The US has developed a software program to predict how China would react to specific military and political actions, including arms sales and bilateral meetings with allied countries such as Taiwan.
According to a defense official, the program calculates “strategic friction” and refers to relevant information since 2020 to evaluate events that affected US-China relations.
The new tool would allow the US military to plan as much as four months in advance, according to the report.
US deputy secretary of defense Kathleen Hicks said that the armed forces must look at “a far broader set of indicators” and improve understanding of “threat interaction” amid increasing tensions between the two military powerhouses.

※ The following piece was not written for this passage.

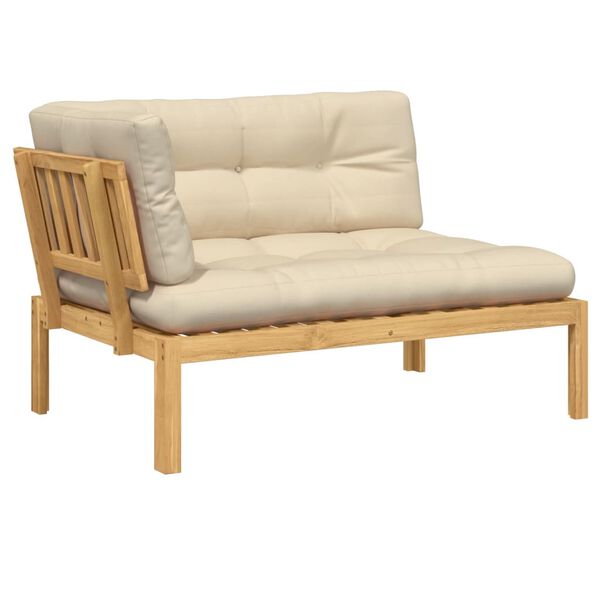 vidaXL Garten-Ecksofa aus Paletten mit Kissen Massivholz Akazie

She revealed that the development of the computer-based system was fueled by controversial incidents involving the US and China, including Beijing’s condemnation of Washington and Ottawa for sending warships through the Taiwan Strait in October.

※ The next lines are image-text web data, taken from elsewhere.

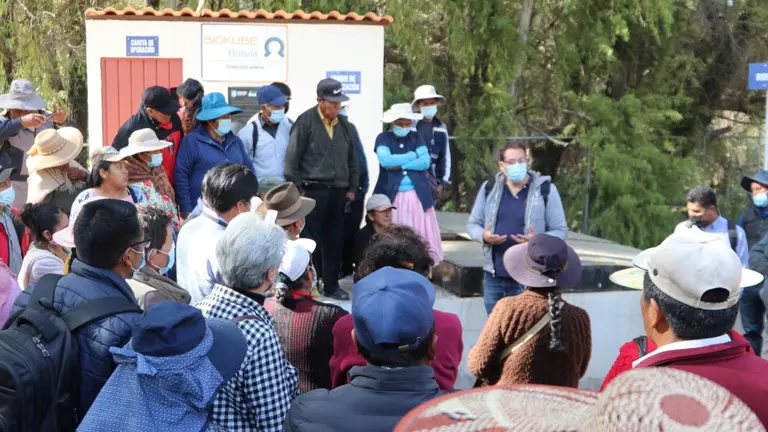 La presentaci&oacute;n del proyecto en Quillacollo, este 23 de junio. ALCALD&Iacute;A DE QUILLACOLLO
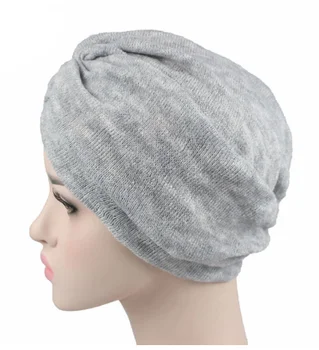 Naujas mados moterų vilnos, sumaišytus turbaną galvos apdangalai šiltas ir kvėpuojantis skrybėlę, skarą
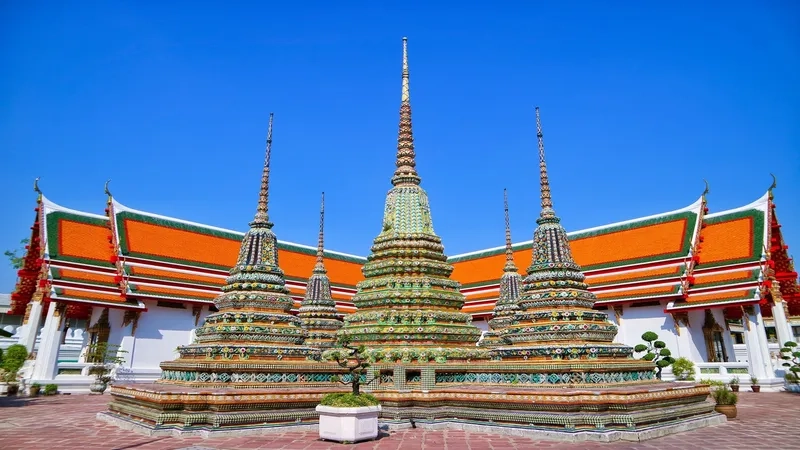 Chùa Wat Pho là điểm dừng chân của hành hương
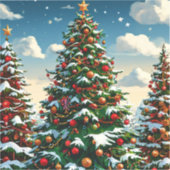 Sticker sapin de Noël (Recto)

Hicks further stated that the new tool would help ensure that the US does not inadvertently upset China with its military actions.

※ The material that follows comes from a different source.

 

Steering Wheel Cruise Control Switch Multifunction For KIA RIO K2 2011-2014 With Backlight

Since 2016, China has ramped up diplomatic and military pressure on Taiwan following the election of President Tsai Ing-wen, who insists that the southeast Asian island is a sovereign nation and not part of “one China.”
Last month, 27 Chinese aircraft entered Taiwan’s air defense identification zone without permission, which further fueled concerns from the US and other allied nations.
US President Joe Biden has announced that the country would defend the small island in case of a war with China. The statement was welcomed by Taiwan, saying the US government has demonstrated its “rock solid support” for the country.
China has accused the US and other NATO members of exaggerating the threat from Beijing and causing confrontation after several Western nations vowed to work together to counter “systematic challenges” posed by China’s policies.